* WORK TASK *
In the records below, find the line containing "Prompt: one magical". Output it and every line after it to the end, unchanged, with no pictures.
START MATERIAL SHOWN
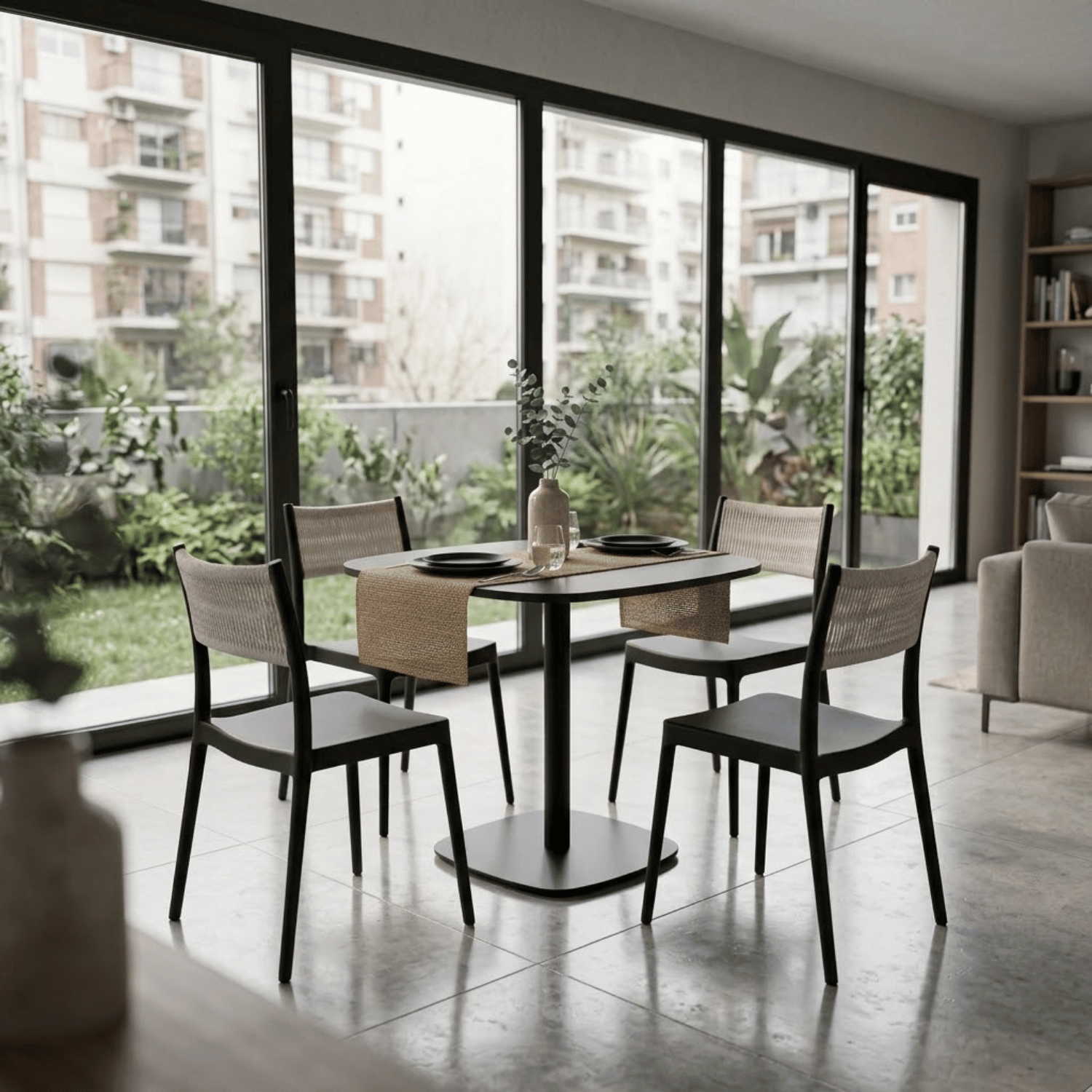 Comedor Venecia 4 Puestos Negro | Mesa Cuadrada Sunset 60 x 60 cm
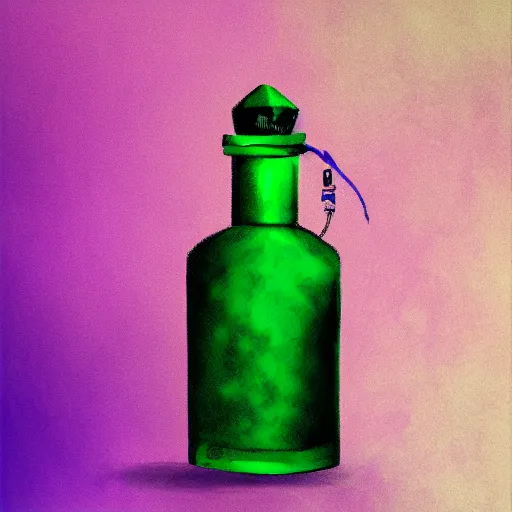 Prompt: one magical bottle with green poison, dark-violet background, precise, storybook, digital painting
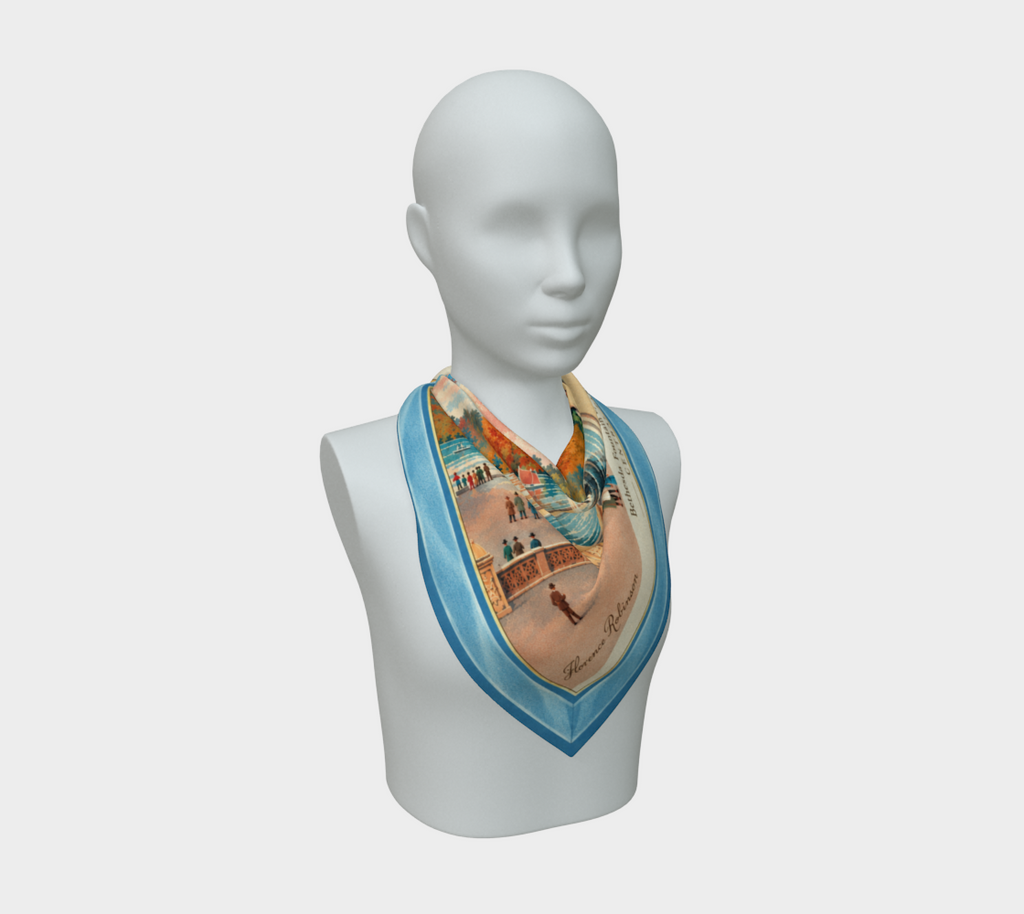 100% Silk Scarf — Bethesda Fountain, Central Park, NYC — Blue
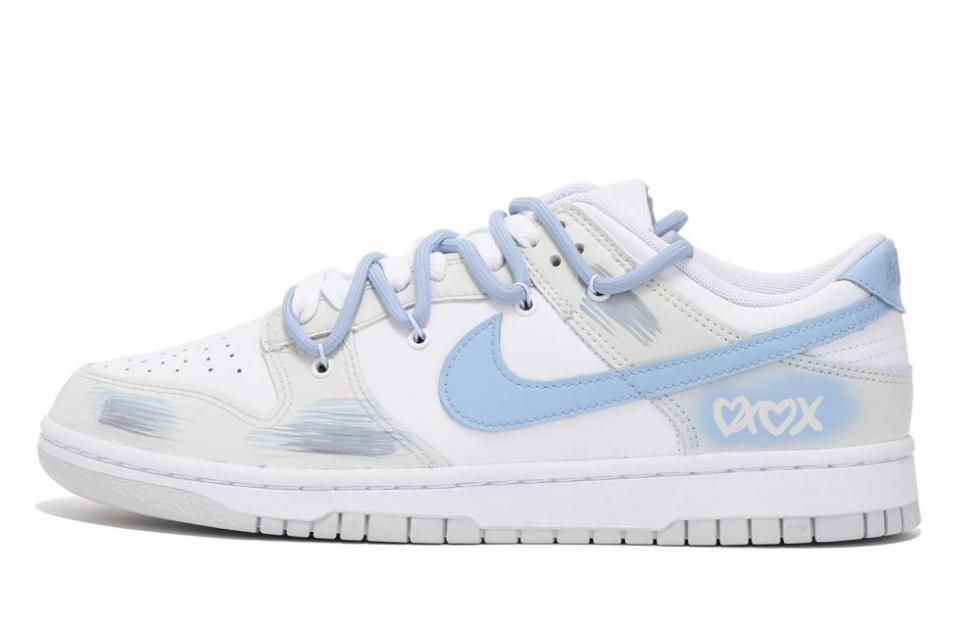 Nike Dunk Low Low-Top Skateboard Shoes Men's Gray Blue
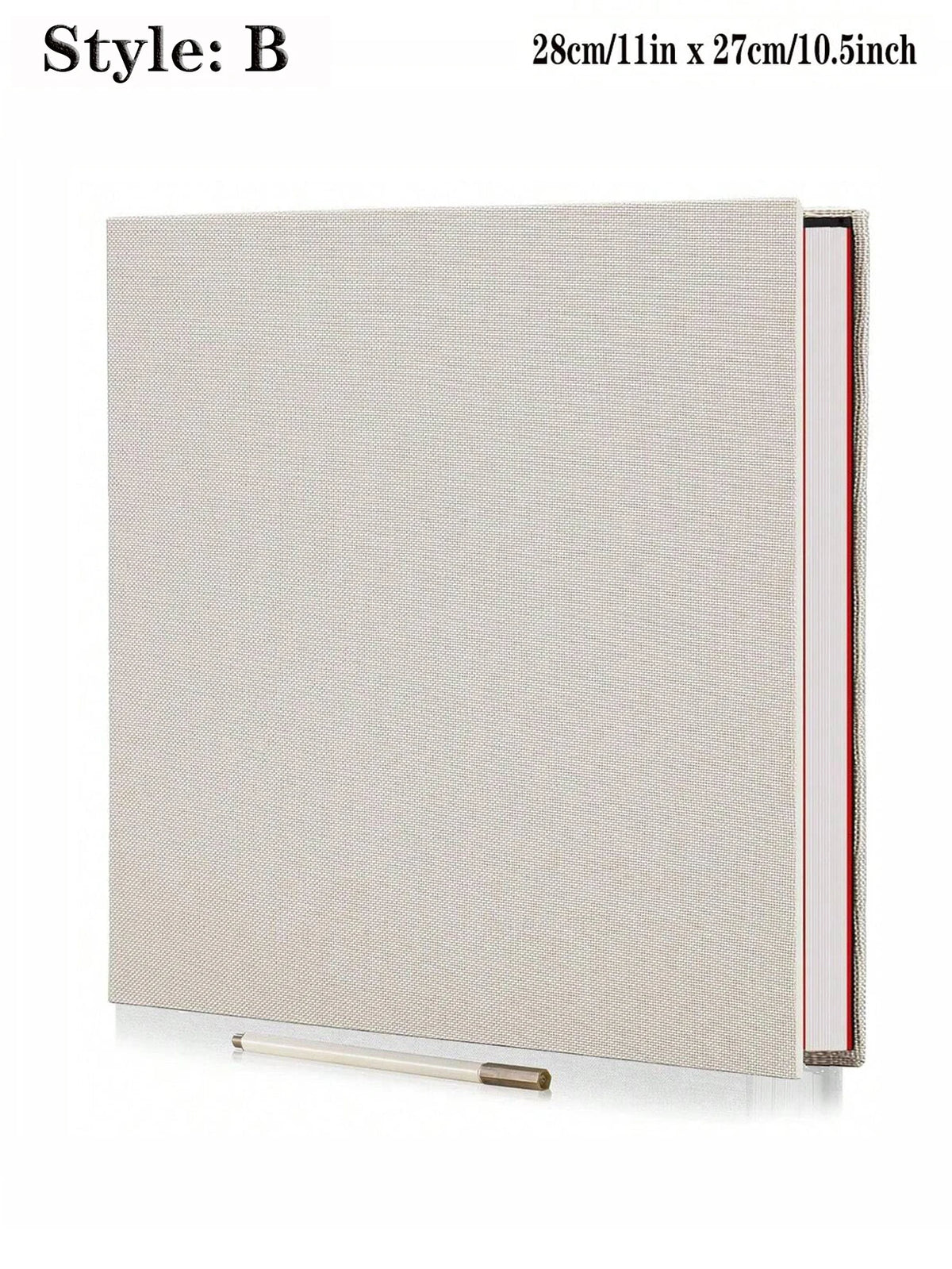 Geschlossenes Leinen-Fotobuch mit selbstklebendem Album, hellem Beige und sichtbarem Einband.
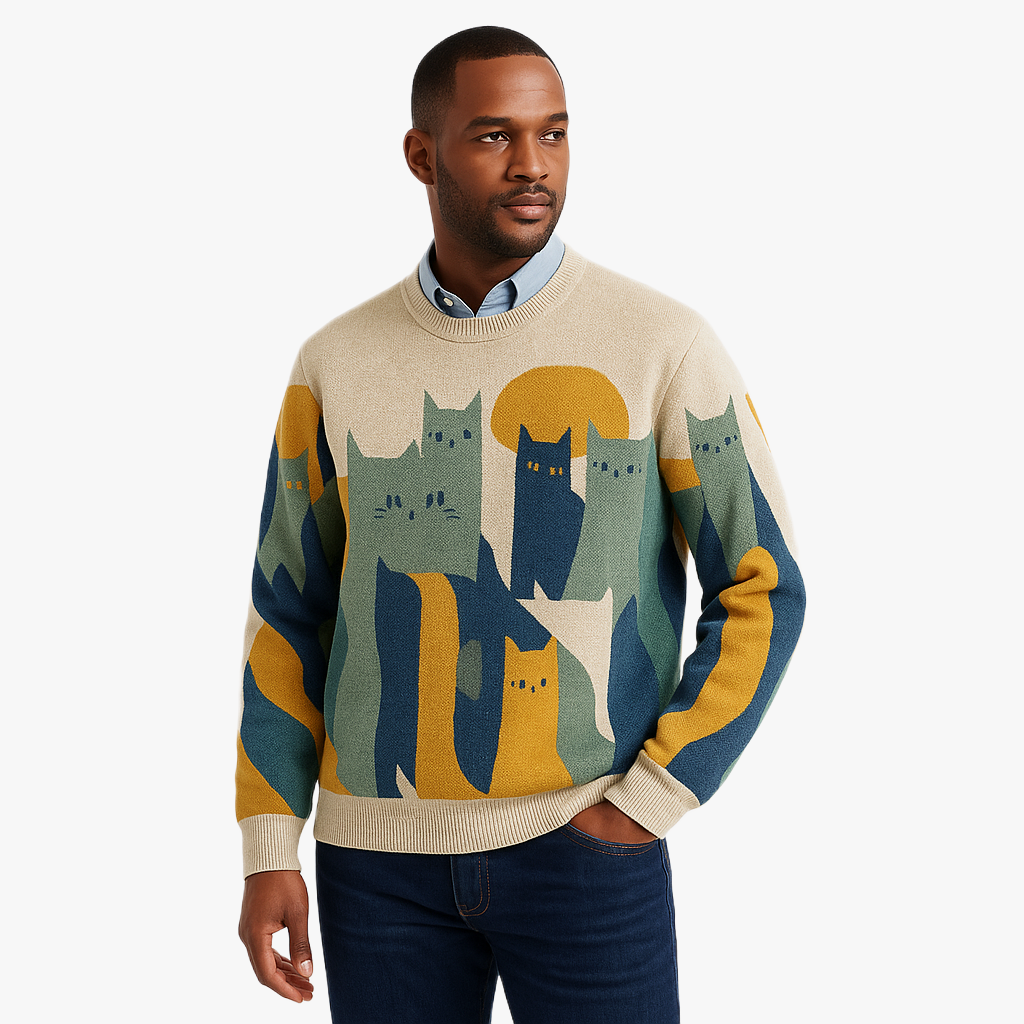 Stylish Printed Long Sleeve Men's Sweater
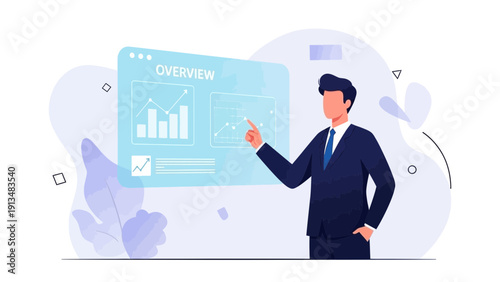 Businessman presenting data overview on futuristic digital screen with charts and graphs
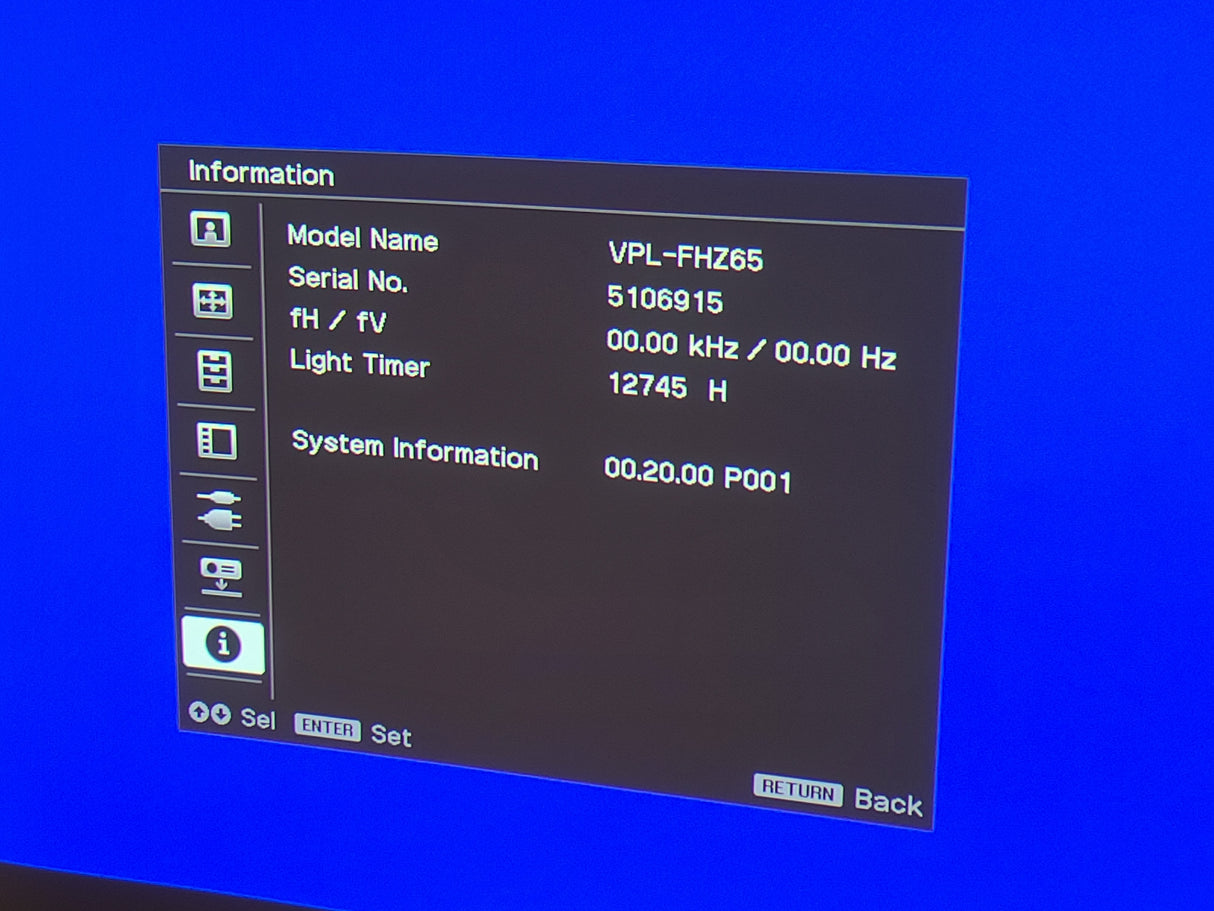 Sony VPL-FHZ65 6,000 Lumens WUXGA 3LCD (Lamp Hours 12745) Large Venue Projector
END MATERIAL SHOWN
* ANSWER TO THE EXERCISE *
 Prompt: one magical bottle with green poison, dark-violet background, precise, storybook, digital painting
 100% Silk Scarf — Bethesda Fountain, Central Park, NYC — Blue
 Nike Dunk Low Low-Top Skateboard Shoes Men's Gray Blue
 Geschlossenes Leinen-Fotobuch mit selbstklebendem Album, hellem Beige und sichtbarem Einband.
 Stylish Printed Long Sleeve Men's Sweater
 Businessman presenting data overview on futuristic digital screen with charts and graphs
 Sony VPL-FHZ65 6,000 Lumens WUXGA 3LCD (Lamp Hours 12745) Large Venue Projector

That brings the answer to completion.